- WHAT YOU WILL DO: Copy all lines in the material holding the string "Rope".

- MATERIAL FOR THE TASK:
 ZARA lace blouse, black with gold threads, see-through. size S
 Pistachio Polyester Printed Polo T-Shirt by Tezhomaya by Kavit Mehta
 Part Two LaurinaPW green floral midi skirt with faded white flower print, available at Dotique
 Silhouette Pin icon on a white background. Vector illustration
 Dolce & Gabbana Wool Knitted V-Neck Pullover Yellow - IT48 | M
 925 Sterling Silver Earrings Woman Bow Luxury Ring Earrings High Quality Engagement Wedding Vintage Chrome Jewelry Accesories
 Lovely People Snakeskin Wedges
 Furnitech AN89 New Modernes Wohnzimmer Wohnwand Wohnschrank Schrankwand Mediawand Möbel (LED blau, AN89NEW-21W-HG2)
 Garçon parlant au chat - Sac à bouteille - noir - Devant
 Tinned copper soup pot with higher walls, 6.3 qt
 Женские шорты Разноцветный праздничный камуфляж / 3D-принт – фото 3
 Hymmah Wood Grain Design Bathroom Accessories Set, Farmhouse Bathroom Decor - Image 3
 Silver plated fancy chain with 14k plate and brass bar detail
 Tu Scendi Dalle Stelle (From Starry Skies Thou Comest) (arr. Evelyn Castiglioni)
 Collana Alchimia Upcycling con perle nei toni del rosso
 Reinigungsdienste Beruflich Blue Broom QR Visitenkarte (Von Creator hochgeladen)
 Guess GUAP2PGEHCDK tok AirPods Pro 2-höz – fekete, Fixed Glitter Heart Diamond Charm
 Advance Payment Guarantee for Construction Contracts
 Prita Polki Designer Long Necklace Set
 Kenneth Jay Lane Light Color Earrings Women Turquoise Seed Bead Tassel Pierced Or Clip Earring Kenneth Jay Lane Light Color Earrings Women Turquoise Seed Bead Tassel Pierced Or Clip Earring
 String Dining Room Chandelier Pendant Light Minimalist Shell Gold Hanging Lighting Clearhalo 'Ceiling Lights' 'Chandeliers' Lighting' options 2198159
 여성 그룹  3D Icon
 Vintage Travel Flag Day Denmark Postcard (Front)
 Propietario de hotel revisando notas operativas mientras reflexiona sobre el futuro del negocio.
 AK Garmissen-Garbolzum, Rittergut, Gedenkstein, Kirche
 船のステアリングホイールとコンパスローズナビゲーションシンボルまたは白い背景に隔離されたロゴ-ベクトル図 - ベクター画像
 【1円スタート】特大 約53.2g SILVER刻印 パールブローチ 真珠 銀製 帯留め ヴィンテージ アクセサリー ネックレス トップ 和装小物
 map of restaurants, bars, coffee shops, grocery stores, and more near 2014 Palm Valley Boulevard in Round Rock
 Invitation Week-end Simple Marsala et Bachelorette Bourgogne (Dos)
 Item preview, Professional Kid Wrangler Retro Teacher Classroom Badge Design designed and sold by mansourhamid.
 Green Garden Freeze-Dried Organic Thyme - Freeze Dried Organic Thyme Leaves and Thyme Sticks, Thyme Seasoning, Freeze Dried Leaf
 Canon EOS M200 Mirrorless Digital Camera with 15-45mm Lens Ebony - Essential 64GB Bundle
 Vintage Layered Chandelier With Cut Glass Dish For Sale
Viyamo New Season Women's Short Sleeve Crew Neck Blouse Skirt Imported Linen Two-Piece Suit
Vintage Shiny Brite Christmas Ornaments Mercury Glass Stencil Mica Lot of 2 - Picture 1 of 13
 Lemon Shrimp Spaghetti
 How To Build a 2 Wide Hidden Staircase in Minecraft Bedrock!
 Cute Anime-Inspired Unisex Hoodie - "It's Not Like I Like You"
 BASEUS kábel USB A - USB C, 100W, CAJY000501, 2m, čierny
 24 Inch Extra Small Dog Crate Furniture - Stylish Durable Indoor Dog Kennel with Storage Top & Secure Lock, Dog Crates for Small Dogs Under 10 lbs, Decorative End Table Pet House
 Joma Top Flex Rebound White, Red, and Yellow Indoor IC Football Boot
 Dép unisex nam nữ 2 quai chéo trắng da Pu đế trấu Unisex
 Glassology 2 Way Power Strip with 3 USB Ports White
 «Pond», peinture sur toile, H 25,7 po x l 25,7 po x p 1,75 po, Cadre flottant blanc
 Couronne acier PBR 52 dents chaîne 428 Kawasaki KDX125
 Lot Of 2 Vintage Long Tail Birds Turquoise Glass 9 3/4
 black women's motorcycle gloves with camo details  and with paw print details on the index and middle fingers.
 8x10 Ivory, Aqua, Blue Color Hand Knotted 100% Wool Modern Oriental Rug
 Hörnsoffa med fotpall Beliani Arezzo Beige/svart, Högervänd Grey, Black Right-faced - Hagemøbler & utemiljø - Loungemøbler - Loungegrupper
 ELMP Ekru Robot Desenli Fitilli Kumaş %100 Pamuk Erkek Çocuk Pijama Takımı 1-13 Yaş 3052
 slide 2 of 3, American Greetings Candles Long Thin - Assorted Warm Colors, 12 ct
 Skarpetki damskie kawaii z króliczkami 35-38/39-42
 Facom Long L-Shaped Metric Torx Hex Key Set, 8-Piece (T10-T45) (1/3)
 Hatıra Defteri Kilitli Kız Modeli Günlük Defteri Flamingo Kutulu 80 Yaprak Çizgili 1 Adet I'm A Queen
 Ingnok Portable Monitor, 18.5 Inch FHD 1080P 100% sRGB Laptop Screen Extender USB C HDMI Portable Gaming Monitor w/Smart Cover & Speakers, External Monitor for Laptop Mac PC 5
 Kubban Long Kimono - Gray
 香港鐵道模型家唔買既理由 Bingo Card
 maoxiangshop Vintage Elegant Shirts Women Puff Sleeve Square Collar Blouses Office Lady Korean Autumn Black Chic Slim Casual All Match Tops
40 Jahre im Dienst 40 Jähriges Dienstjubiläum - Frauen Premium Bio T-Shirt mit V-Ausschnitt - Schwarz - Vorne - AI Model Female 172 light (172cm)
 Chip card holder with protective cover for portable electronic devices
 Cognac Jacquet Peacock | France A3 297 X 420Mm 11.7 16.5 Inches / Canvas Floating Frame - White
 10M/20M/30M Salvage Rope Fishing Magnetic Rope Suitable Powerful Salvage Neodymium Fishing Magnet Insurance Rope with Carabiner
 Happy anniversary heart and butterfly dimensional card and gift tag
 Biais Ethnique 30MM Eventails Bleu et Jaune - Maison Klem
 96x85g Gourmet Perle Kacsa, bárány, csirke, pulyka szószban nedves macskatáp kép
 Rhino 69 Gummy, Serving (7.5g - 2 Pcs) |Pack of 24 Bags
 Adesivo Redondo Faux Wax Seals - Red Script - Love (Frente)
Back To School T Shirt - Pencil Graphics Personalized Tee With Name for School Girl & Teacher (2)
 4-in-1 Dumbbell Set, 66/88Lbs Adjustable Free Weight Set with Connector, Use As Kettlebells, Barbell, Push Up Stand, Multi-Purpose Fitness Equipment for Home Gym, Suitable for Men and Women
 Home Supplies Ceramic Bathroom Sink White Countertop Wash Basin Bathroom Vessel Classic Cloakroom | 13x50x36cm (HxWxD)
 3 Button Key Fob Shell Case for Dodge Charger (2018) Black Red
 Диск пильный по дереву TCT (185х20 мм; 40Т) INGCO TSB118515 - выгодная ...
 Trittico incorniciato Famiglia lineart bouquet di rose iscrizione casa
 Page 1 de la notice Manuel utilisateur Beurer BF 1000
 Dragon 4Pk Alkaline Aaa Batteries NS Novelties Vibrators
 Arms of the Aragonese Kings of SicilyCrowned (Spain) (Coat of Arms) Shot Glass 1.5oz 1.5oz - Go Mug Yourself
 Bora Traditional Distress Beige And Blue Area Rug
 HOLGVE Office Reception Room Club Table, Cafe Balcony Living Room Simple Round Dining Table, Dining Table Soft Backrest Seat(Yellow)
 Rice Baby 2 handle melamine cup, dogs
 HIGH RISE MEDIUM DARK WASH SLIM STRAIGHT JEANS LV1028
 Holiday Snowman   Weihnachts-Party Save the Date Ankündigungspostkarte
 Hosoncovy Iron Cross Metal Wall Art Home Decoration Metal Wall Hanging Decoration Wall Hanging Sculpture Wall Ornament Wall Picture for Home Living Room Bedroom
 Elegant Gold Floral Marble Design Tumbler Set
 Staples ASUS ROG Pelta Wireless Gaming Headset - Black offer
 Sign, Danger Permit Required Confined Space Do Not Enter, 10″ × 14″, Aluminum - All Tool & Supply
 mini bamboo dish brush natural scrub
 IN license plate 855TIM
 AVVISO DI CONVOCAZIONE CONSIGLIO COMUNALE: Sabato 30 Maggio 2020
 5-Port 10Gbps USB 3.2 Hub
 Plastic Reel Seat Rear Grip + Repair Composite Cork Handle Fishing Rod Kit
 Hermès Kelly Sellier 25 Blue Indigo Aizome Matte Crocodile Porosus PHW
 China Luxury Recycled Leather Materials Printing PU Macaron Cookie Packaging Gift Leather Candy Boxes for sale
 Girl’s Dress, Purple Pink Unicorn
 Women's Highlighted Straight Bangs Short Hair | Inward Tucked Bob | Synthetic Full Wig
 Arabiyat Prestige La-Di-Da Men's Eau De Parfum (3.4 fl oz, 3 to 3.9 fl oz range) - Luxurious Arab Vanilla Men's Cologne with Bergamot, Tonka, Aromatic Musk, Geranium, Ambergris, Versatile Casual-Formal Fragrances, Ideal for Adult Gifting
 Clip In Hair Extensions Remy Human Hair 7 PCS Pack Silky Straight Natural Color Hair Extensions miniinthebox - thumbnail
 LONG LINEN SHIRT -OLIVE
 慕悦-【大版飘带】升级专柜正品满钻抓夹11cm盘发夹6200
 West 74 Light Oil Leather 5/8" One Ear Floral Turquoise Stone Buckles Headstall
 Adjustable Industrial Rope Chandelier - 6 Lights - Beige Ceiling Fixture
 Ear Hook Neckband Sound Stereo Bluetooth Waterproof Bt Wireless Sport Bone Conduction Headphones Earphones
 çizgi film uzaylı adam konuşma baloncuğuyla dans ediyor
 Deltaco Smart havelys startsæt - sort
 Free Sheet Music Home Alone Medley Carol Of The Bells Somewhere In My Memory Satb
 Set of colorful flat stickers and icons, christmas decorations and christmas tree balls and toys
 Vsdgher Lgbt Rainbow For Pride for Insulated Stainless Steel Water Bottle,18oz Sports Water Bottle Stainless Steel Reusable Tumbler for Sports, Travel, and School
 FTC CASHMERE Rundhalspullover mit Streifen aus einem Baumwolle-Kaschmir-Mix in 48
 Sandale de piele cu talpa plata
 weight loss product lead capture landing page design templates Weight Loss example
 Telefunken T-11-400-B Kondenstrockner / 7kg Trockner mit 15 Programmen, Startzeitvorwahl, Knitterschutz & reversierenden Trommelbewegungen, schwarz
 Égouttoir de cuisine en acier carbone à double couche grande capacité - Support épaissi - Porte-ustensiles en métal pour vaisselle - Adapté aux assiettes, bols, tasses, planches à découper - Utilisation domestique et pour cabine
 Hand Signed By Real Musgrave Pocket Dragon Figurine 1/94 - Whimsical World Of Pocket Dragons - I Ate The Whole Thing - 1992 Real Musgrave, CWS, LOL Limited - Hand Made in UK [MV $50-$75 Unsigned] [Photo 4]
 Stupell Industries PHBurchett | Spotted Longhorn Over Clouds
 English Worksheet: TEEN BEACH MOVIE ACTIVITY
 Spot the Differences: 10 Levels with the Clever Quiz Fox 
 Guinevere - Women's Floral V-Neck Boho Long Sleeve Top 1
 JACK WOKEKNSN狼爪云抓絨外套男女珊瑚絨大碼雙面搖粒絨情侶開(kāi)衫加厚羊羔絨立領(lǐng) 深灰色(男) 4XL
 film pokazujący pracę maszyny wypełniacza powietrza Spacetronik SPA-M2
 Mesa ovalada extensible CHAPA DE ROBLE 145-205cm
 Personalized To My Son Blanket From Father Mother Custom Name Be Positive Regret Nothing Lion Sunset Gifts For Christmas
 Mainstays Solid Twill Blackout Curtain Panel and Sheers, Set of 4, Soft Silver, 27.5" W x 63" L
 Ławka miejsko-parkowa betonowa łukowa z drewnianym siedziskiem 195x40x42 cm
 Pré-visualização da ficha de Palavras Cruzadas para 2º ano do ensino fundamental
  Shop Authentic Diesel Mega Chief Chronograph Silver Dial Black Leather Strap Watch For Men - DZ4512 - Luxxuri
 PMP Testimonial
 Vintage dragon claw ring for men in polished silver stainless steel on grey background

- ANSWER SPACE:
 10M/20M/30M Salvage Rope Fishing Magnetic Rope Suitable Powerful Salvage Neodymium Fishing Magnet Insurance Rope with Carabiner
 Adjustable Industrial Rope Chandelier - 6 Lights - Beige Ceiling Fixture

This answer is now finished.